GIVEN INFORMATION:
******

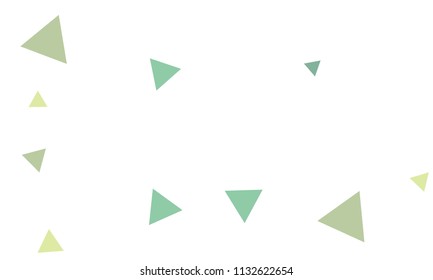 Many Green Triangles of Different Size and Color Tone on White Background
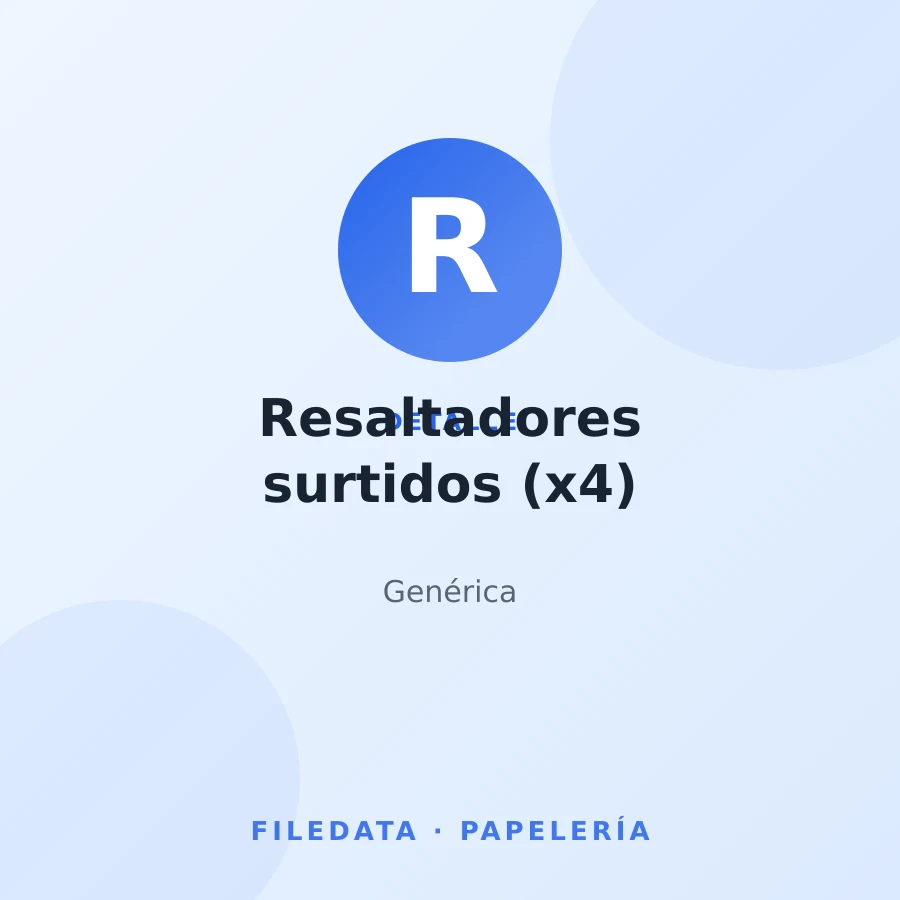 Resaltadores surtidos (x4) — Genérica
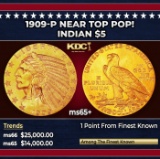 1909-p Gold Indian Half Eagle Near Top Pop! $5 ms65+ USCG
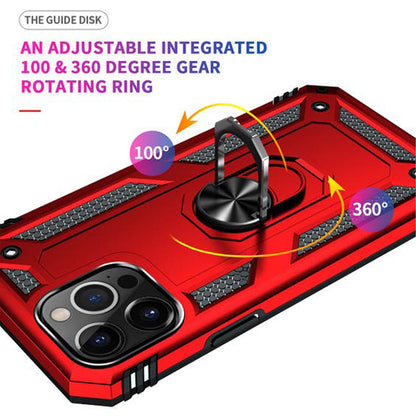 iPhone 14 Pro Max Magnetic Ring Kickstand Hybrid Phone Case - Red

******

PROBLEM DETAILS:
Once the pictures are set aside, the remaining data must be transcribed exactly.

RESPONSE TO THE EXERCISE:
 Many Green Triangles of Different Size and Color Tone on White Background
 Resaltadores surtidos (x4) — Genérica
 1909-p Gold Indian Half Eagle Near Top Pop! $5 ms65+ USCG
 iPhone 14 Pro Max Magnetic Ring Kickstand Hybrid Phone Case - Red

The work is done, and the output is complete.